Wednesday, February 3, 2010

what they should teach at school


once again - straight from Linchpin...
The essential thing measured by school is whether or not you are good at school.

What they should teach in school:

1. solve interesting problems
"Interesting" is the key word. Answering questions like "When was the War of 1812?" is a useless skill in an always-on Wikipedia world. It's far more useful to be able to answer the kind of question for which using Google won't help. Questions like, "What should I do next?"
School expects that our best students will graduate to become trained trigonometricians. They'll be hired by people to compute the length of the hypotenuse of a certain right triangle. What a waste. The only reason to learn trigonometry is because it is a momentarily interesting question, one worth sorting out. But then we should move on, relentlessly seeking new problems, ones even more interesting than that one. The idea of doing it by rote, of relentlessly driving the method home, is a total waste of time.
2. lead
Leading is a skill, not a gift. You 're not born with it, you learn how. And schools can teach leadership as easily as they figured out how to teach compliance. Schools can teach us to be socially smart, to be open to connection, to understand the elements that build a tribe. While schools provide outlets for natural-born leaders, they don't teach it. And leadership is now worth far more than compliance is.

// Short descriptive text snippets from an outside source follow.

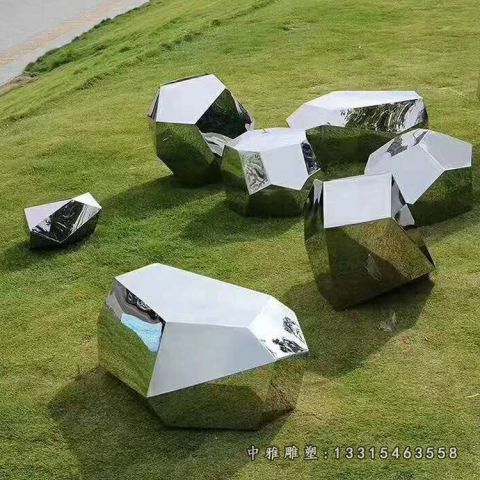 不锈钢景观石雕塑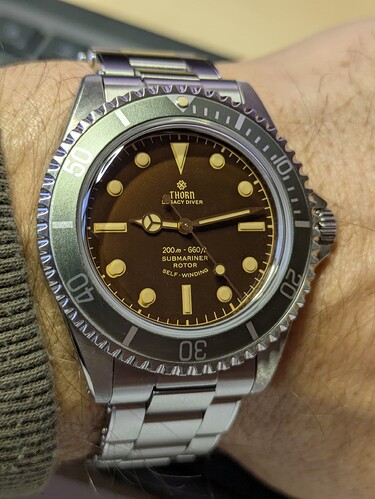 PXL_20251205_081352020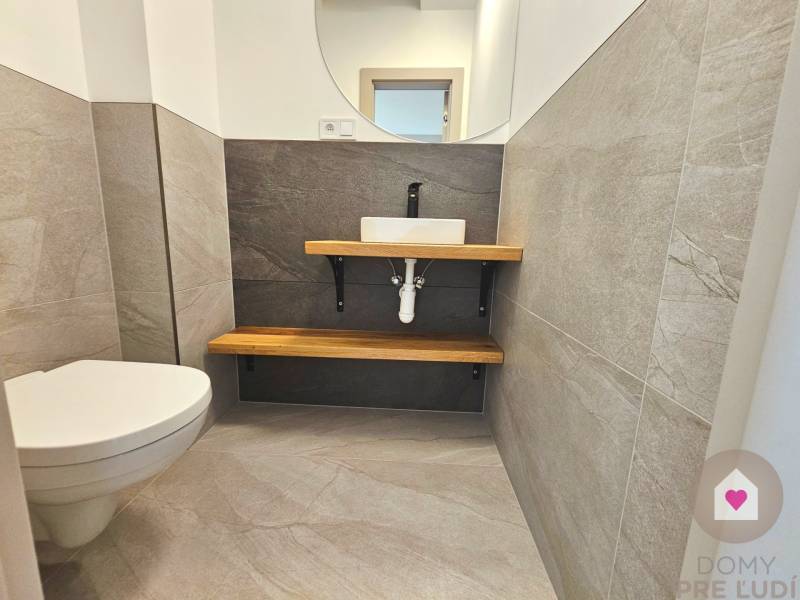 VEĽKORYSO RIEŠENÝ 4 izbový RD-128 m2 S TEP. ČERPADLOM, POZEMOK 405 m2 - Kúpeľňa v rodinnom dome s umývadlom a toaletou, dlažba s prírodným vzorom.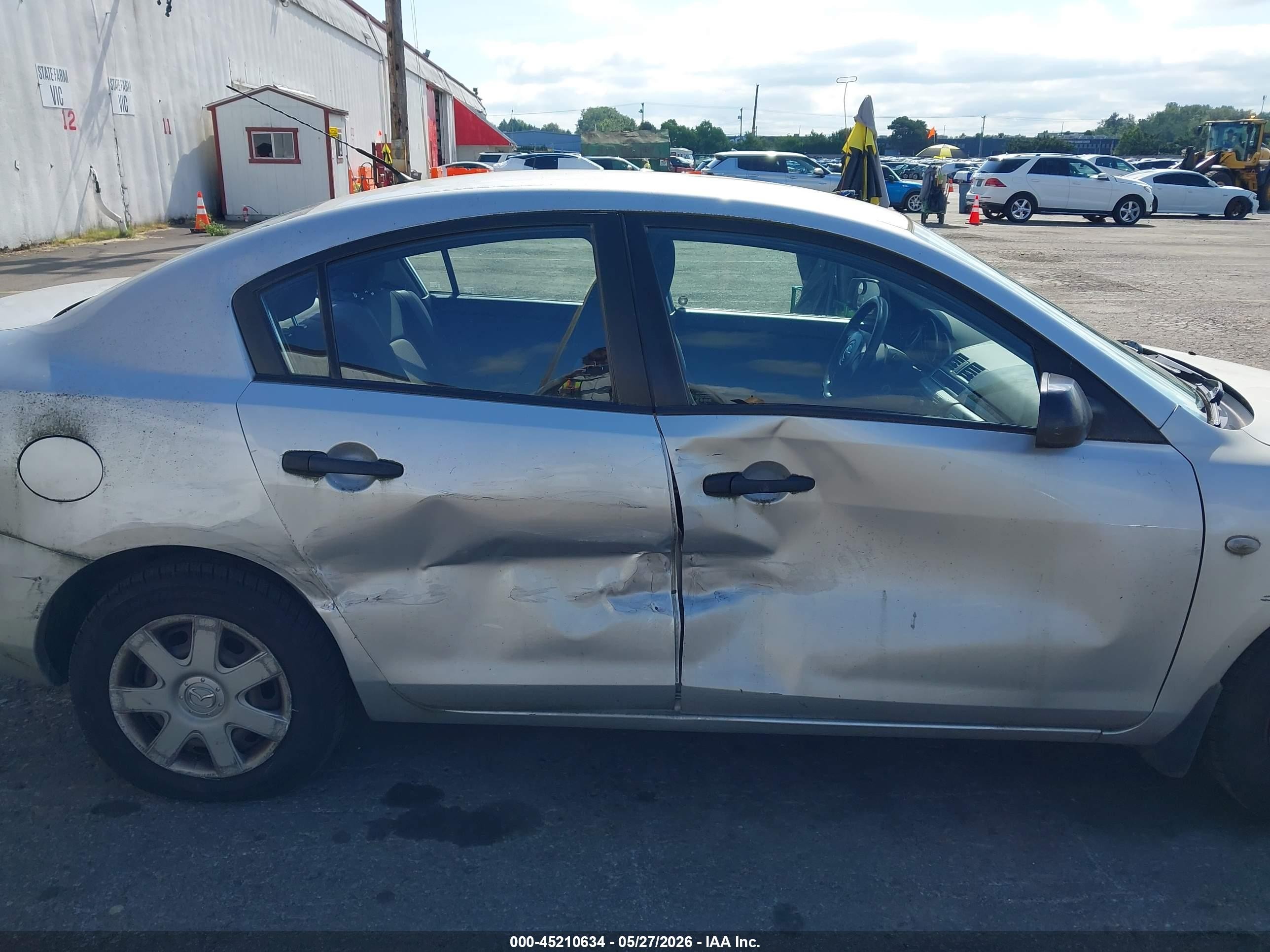 2006 Mazda 3 VIN JM1BK12F261482208 IAAI salvage auction — Side, Salvage (Oregon), sold $100 on 2026-07-09 (photo 6)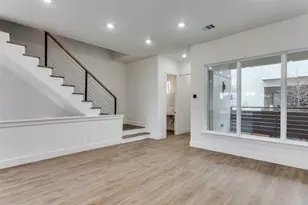 341 College Ave, Fort Worth, TX 76104 - Photo 2
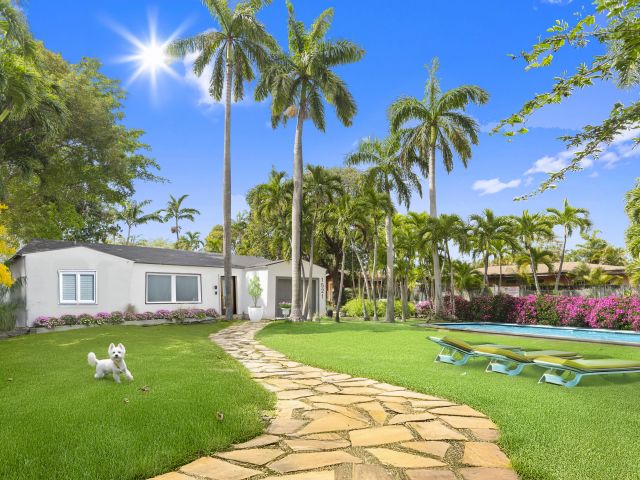 Продажа дома по адресу 1521 NE 5th Terrace - фото 6550012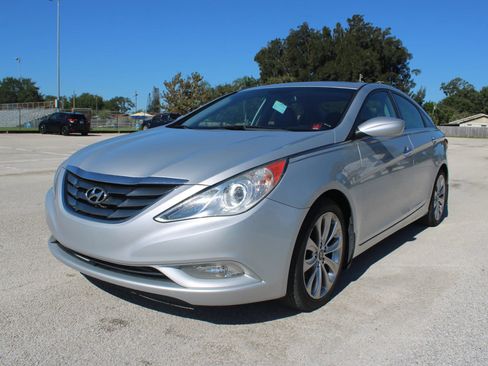 Used 2012 Hyundai Sonata SE w/ Navigation & Sunroof Pkg FWD image 2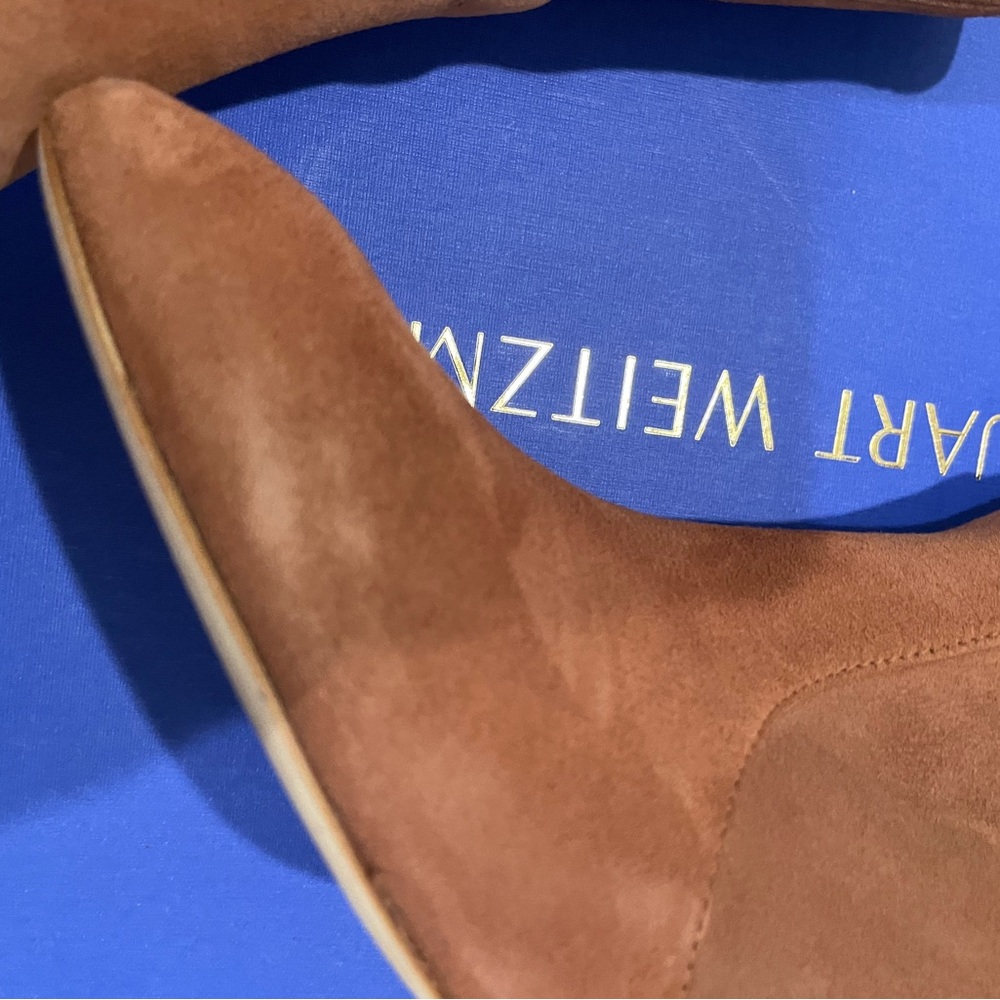 Brand New Stuart Weitzman MSRP $650
Flareblock 85 suede sock boots sz 6.5B - Picture 9 of 11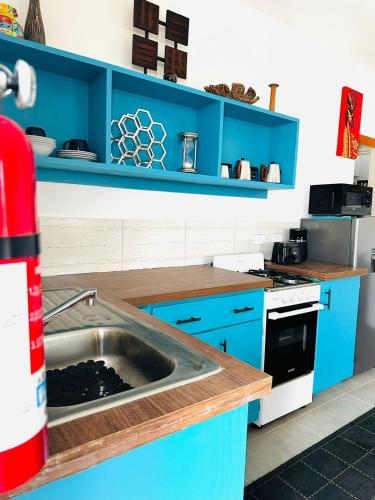 Kitchen, Coral Sea View Vacation Rental in Apple Hall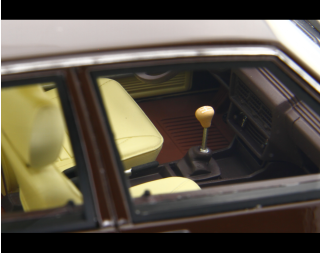 Alfa Romeo Giulietta 1.6 - 1.8 1980 Marrone Testa di Moro Laudoracing 1:18 Resinemodell (Türen, Motorhaube... nicht zu öffnen!)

We need to reorganize our schools to free the great teachers from tests and reports and busywork, and to expel the lousy teachers. I know that sounds like a pipe dream, but why should it be? When schools were organized to produce laborers, lousy teachers were exactly what we needed. Now, lousy teachers are dangerous.
Don't blame the teachers. Blame the corporate system that is still training compliant workers who test well.
click below for our collection of rich ideas/examples

Here's what we're teaching kids to do (with various levels of success):
Fit in
Follow instructions
Take good notes
Show up everyday
Cram for tests and don't miss deadlines
Have good handwriting
Punctuate
Buy things the other kids are buying
Don't ask questions
Don't challenge authority
Do the minimum amount required so you'll have time to work on another subject
Get into college
Have a good resume
Don't fail
Don't say anything that might embarrass you
Be passably good at sports, or perhaps extremely good at being a quarterback
Participate in a large number of extracurricular activities
Be a generalist
Try not to have the other kids talk about you
Once you learn a topic, move on

The key questions:
Which of these attributes are the keys to being indispensable?
Are we building the sort of people our society needs?

The problem lies with the system that punishes artists and rewards bureaucrats instead.